* **Work order**
Here are the records. Write out exactly the lines between the one holding "Women Bikini Swimwear" and the one holding "Cat&aacute;logo de Cursos", inclusive.

* **Supplied information**
- Opening Delimiter -
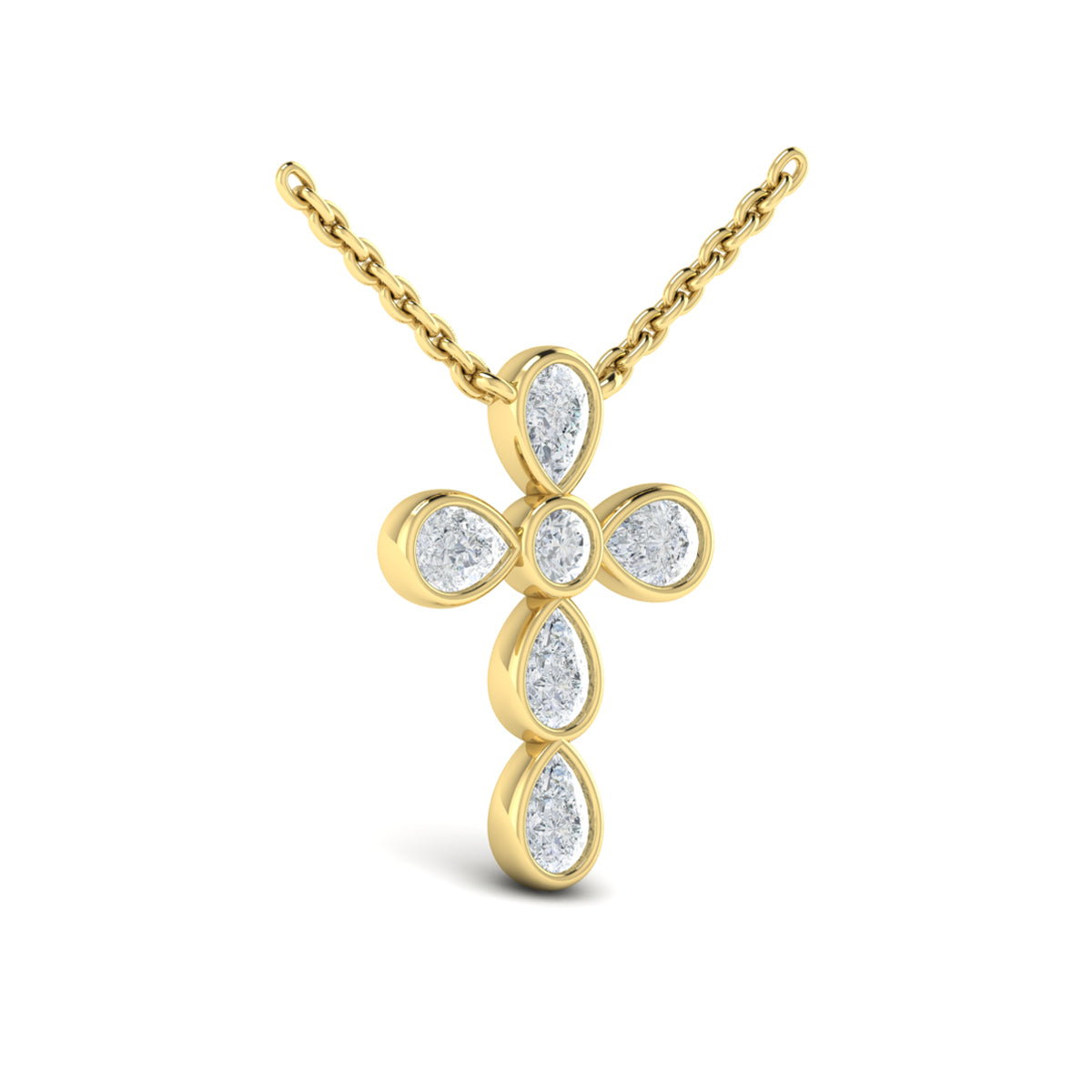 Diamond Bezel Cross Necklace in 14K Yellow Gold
- Closing Delimiter -
- Opening Delimiter -
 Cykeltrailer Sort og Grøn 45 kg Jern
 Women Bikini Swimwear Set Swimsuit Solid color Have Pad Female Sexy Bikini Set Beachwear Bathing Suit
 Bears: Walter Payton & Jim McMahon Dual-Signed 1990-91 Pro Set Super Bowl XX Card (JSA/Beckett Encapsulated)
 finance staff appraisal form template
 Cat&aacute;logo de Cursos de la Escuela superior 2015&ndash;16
- Closing Delimiter -
- Opening Delimiter -
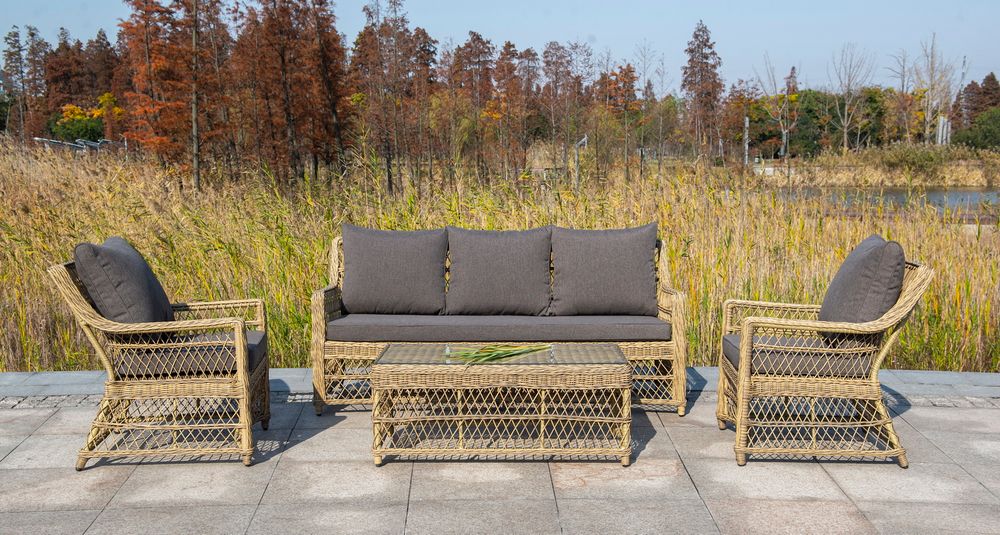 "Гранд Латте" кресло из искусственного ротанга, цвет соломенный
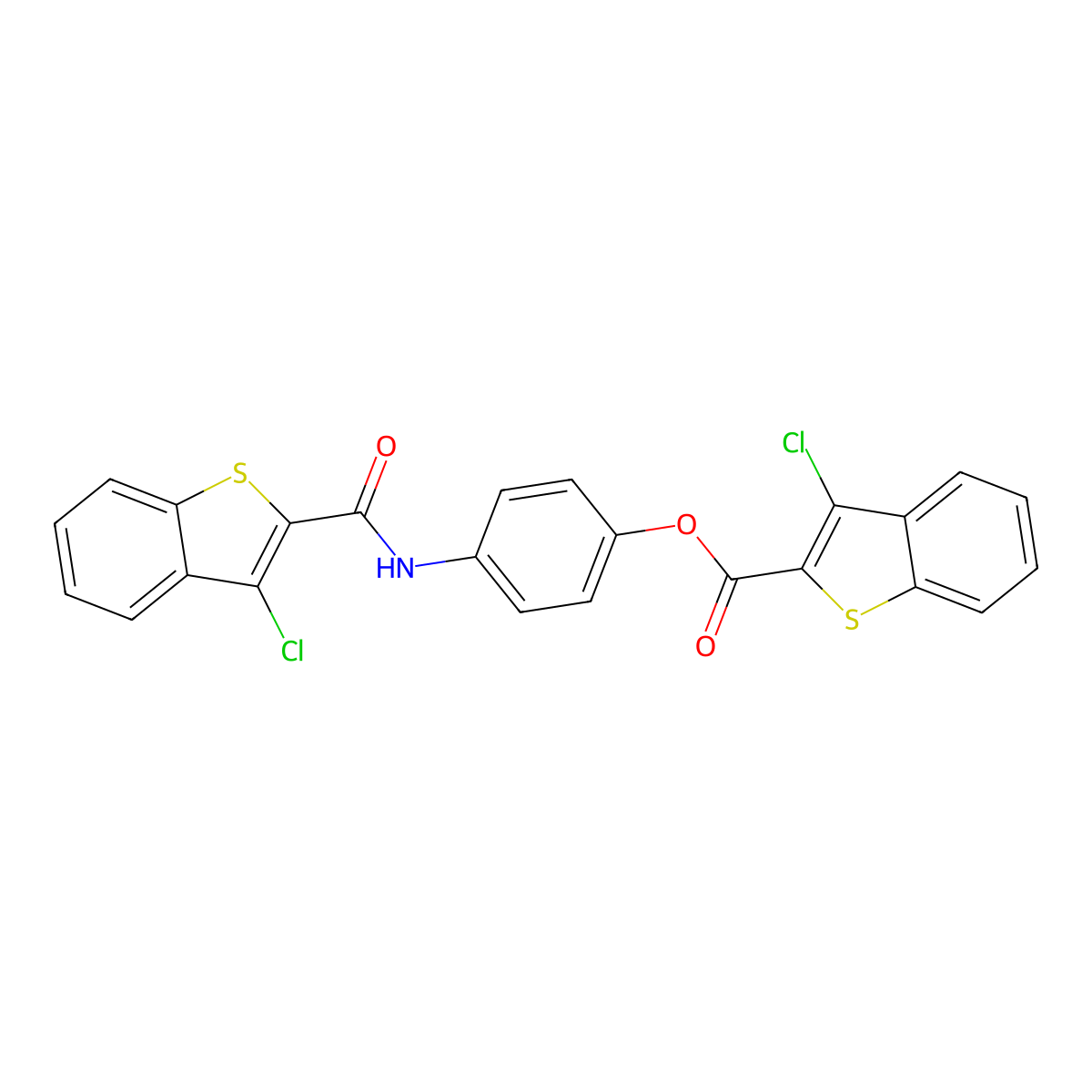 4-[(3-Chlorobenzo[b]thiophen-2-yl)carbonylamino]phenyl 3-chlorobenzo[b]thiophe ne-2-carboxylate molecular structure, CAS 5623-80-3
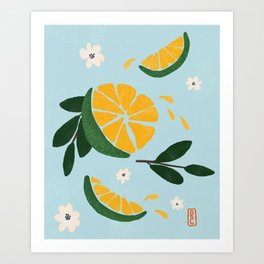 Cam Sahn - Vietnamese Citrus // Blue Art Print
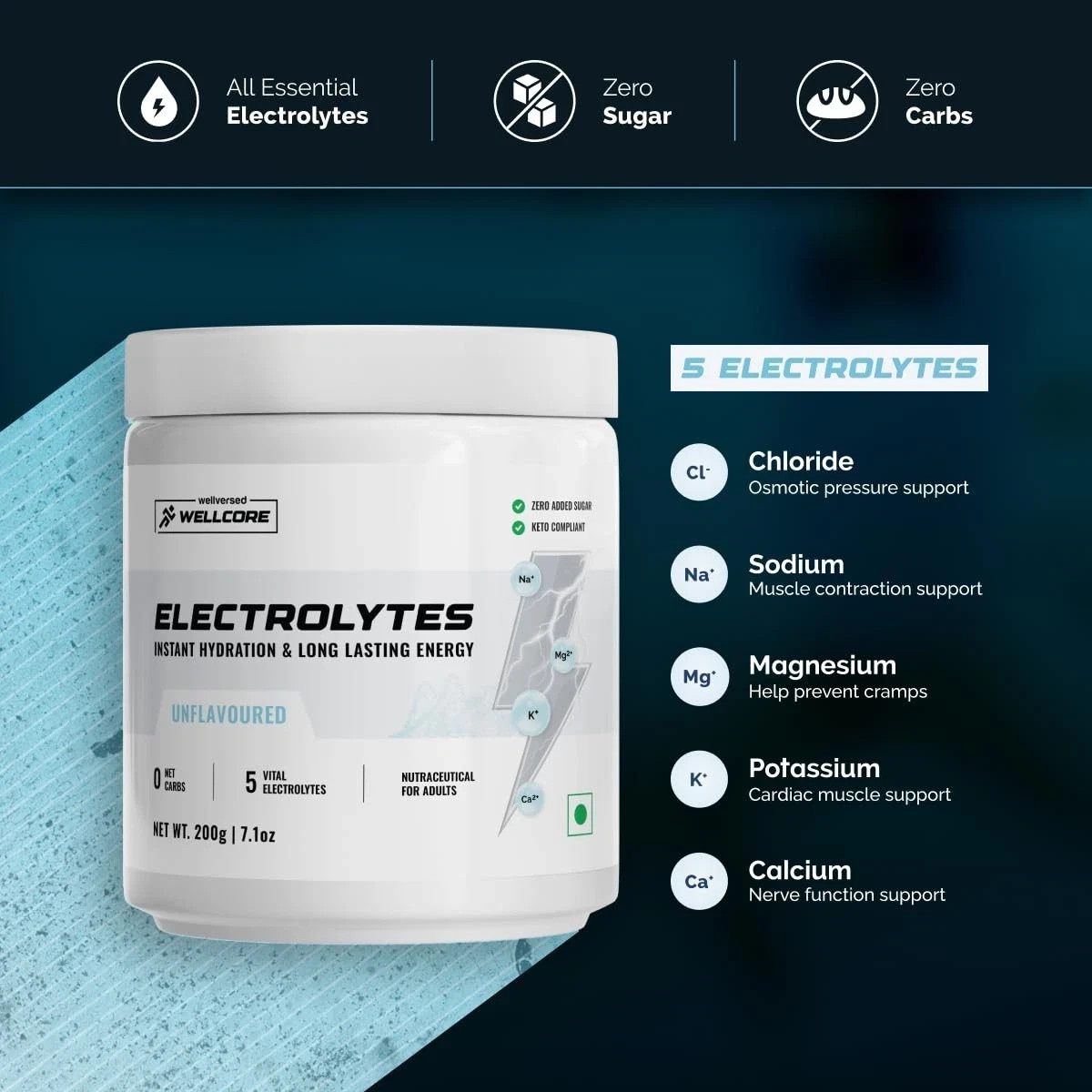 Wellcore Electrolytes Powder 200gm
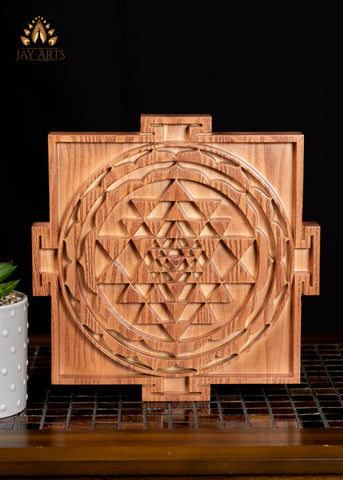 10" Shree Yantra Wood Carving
- Closing Delimiter -
* **Output below**
 Women Bikini Swimwear Set Swimsuit Solid color Have Pad Female Sexy Bikini Set Beachwear Bathing Suit
 Bears: Walter Payton & Jim McMahon Dual-Signed 1990-91 Pro Set Super Bowl XX Card (JSA/Beckett Encapsulated)
 finance staff appraisal form template
 Cat&aacute;logo de Cursos de la Escuela superior 2015&ndash;16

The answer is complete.